Most children have a full-blown freakout at the sight of a dog; running full-pelt into an embrace. It’s this excitement that causes children to move quickly and behave erratically. They may accidentally step-on or trip over a tail or paw, try to mount the pup like a horse or run into a dog’s face to frighten them. This kind of behaviour is common and can end up in a bite.
To save the poor pup from having a freakout of their very own, parents should realise that there is absolutely a right way to introduce their little darlings to dogs.
How to introduce your child to a dog
Follow these simple steps to ensure your child gives dogs the respect they deserve for a happy relationship.
If you know the dog
Teach your child how to greet a dog safely by asking the owner if their dog can be touched first. This is especially important, even if you know the dog well. If the owner allows, teach your child to hold their hand out flat, low and allow the dog to sniff the back of the hand. If the dog turns away, tell your child that the dog simply isn’t interested and that they should leave the dog alone.
If the dog wants to interact with your child, then your child should gently stroke the dog’s chest or behind the ear closest to them – never reach over the top of the dog’s head. Ask your child to do this five times and to stop for a few seconds. The dog will surely let you know if he wants more.

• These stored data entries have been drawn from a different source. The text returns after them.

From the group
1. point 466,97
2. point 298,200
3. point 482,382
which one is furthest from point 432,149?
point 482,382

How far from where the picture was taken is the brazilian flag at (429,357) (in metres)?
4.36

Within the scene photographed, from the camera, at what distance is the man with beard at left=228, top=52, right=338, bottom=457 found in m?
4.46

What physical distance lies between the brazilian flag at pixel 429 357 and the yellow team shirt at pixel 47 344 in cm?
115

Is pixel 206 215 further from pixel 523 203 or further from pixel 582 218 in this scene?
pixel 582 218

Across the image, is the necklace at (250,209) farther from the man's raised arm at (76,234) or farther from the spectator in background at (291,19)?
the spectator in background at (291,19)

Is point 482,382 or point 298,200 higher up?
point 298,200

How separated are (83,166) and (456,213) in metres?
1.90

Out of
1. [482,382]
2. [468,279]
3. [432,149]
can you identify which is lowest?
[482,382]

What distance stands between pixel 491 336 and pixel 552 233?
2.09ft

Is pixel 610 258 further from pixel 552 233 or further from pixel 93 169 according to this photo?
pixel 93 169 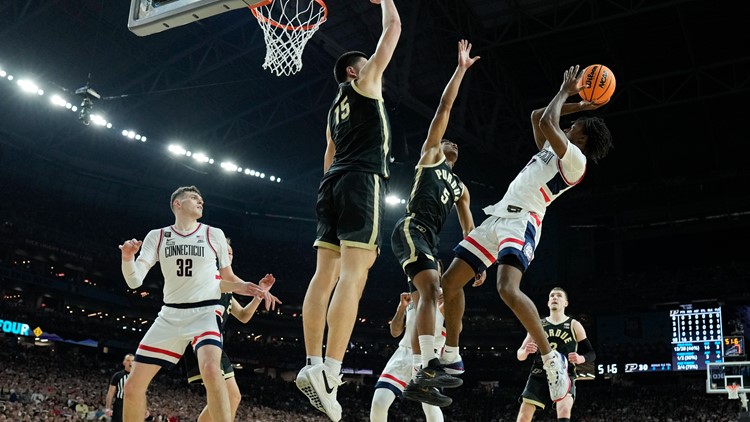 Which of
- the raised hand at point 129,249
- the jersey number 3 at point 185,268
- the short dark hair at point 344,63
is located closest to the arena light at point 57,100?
the jersey number 3 at point 185,268

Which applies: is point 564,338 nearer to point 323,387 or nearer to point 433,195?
point 433,195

Teach your child to look out for stress signals. If the dog’s showing any of these signs then your child must stop touching the dog:
- Licking of the lips
- Looking away
- Ears back
- Lifting of the paw
- Tail tucked under
- Whale eye (showing the whites of the eye)
If you don’t know the dog
If your child is approached by an unknown dog then educate your child to stand silently still with their arms crossed – staring at the floor until the dog goes away. You must be ready to intervene if you feel even slightly unsure about the situation.
- Children should never be left alone with a dog, even a family dog.
- Always allow your dog to have a safe, quiet space in the home away from children where they can go if they feel uncomfortable or unsettled.
- Never punish your dog for growling – it’s their way of communicating they’re uncomfortable with the situation and need to be left alone immediately.
- Children need to understand that petting a dog is a privilege, not a right.